15 yıldır AKP bu ülkeyi yönetiyor ve kadına şiddet yüzde 90 artmış, çocuklara tecavüz, cinsel istismar almış başını gidiyor. Bunların bir anda bu değişiklikle düzelmesi mümkün değil. Türkiye’deki 4 milyon mülteci başkanlık gelince evine mi dönecek? Özetle şunu anlatmak istiyorum; getirilen düzenlemeler vatandaşın derdine deva olmayacağı gibi çok kritik sorunların kapısını açacak. Tanzanya, Uganda, Zambiya, Liberya, Kenya gibi ülkelerde uygulanan bir sistemin Türkiye’nin gelişimine bir katkısı olmayacaktır.

“BU YETKİLER EĞER BİR FAŞİSTİN ELİNE GEÇERSE..”

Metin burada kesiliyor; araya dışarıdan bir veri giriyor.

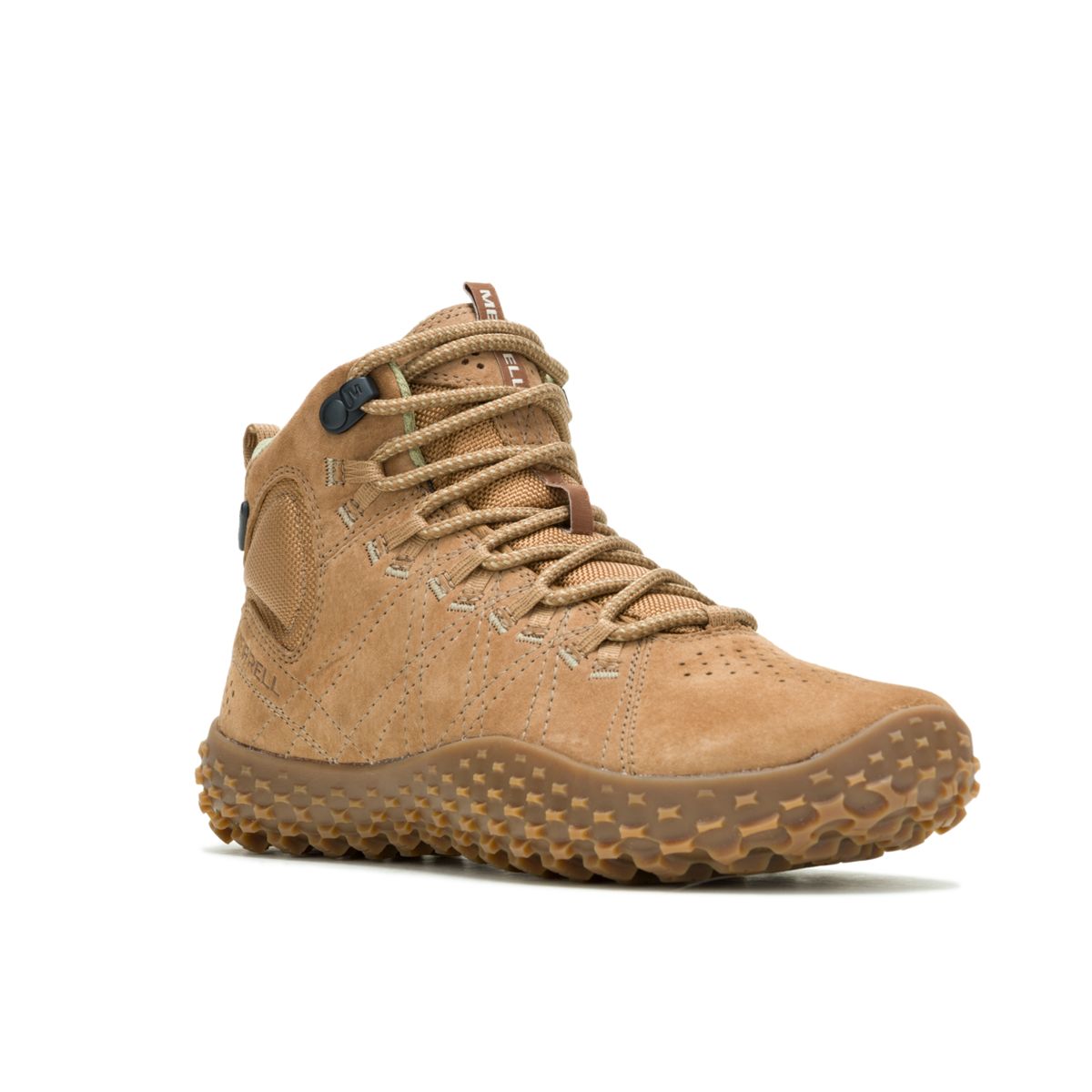 Merrell-Women's Wrapt Mid Waterproof Barefoot Boots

Getirilen düzenlemeyi şahıslar üzerinden tartışmak doğru değil, düzenlemenin neden olacağı sistemsel sorunlar üzerine yoğunlaşılmalıdır. Bugün ise yapılmaya çalışılan Recep Tayyip Erdoğan’a uygun bir düzen inşa etme çabasıdır. Sayın Erdoğan, diyelim ki, bu görevi iyi yaptı; ama ya sonra? Yarın bir gün bu yetkiler eğer bir dengesizin, bir delinin ya da bir faşistin eline geçerse o zaman Türk milleti ne yapacak,

Bu aynı zamanda, eğer Türkiye Cumhuriyeti’nin başına ülkücülerden hiç hoşlanmayan bir başkanın geldiğinde vakıf statüsünde olan Ülkü Ocakları’nı, Türk Ocakları’nı yine Türk Hukuk Enstitüsü gibi kurumları keyfi olarak soruşturup denetlenemez yetkileriyle kapattırmasının yolunu açmaktadır ki, yer yarılıp gök çökmedikçe buna hiçbir ülkücü izin vermez! Yarın Başkan isterse Ülkü Ocakları’nı istediği gibi denetlettirip, istediği zaman kapattırabilir veya başına bir yandaşı kayyum olarak atayabilir.